Leave every picture out, and print the full listing again exactly.

Stored data —
============
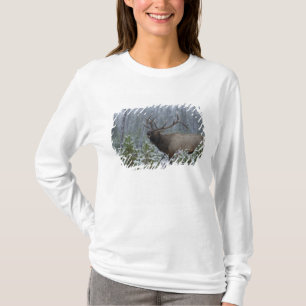 Camiseta Alce macho en la nieve llamando, bramando, Yellows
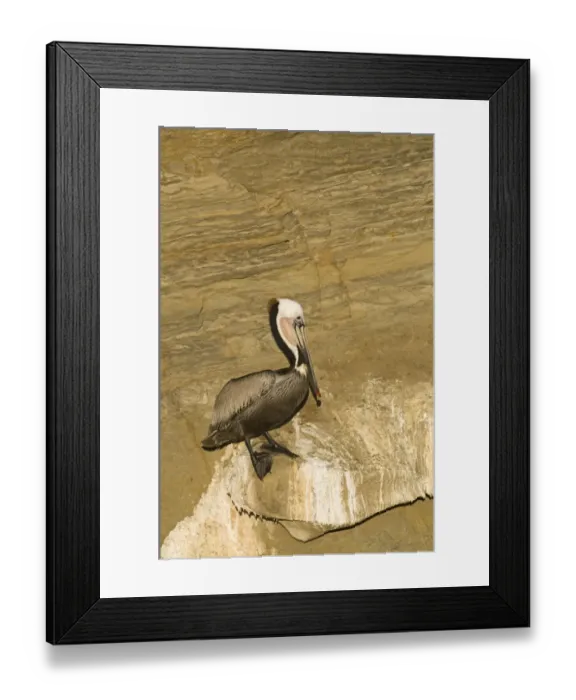 Framed Print : Brown Pelican Pelecanus occidentalis La Jolla California USA April Framed Print : Brown Pelican Pelecanus occidentalis La Jolla California USA April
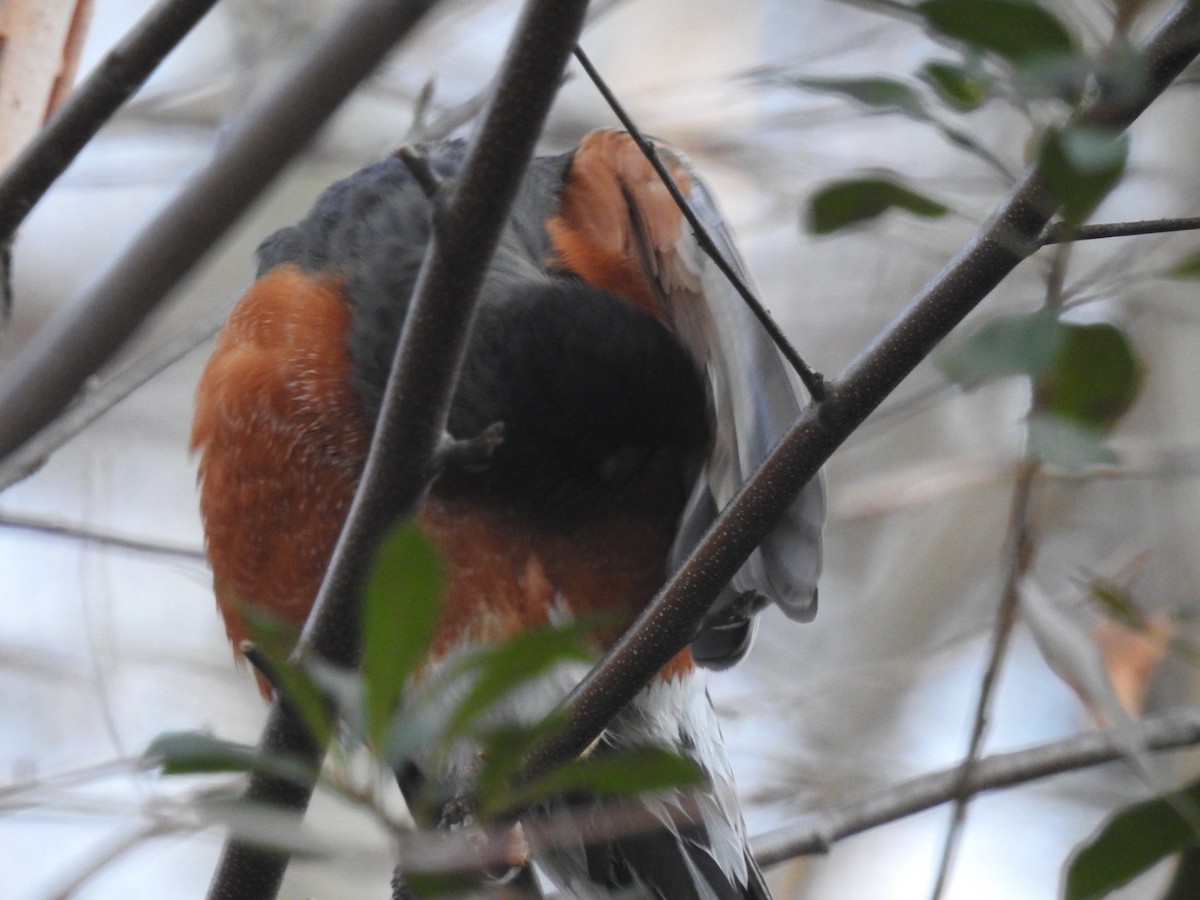 American Robin - ML297521761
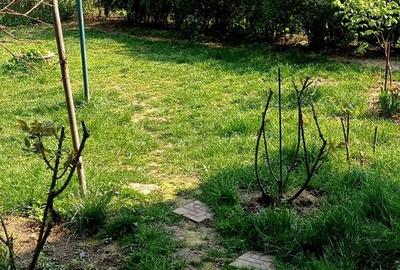 Apartament 2 camere cu gradina și garaj Băneasa - 9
============
Response area —
 Camiseta Alce macho en la nieve llamando, bramando, Yellows
 Framed Print : Brown Pelican Pelecanus occidentalis La Jolla California USA April Framed Print : Brown Pelican Pelecanus occidentalis La Jolla California USA April
 American Robin - ML297521761
 Apartament 2 camere cu gradina și garaj Băneasa - 9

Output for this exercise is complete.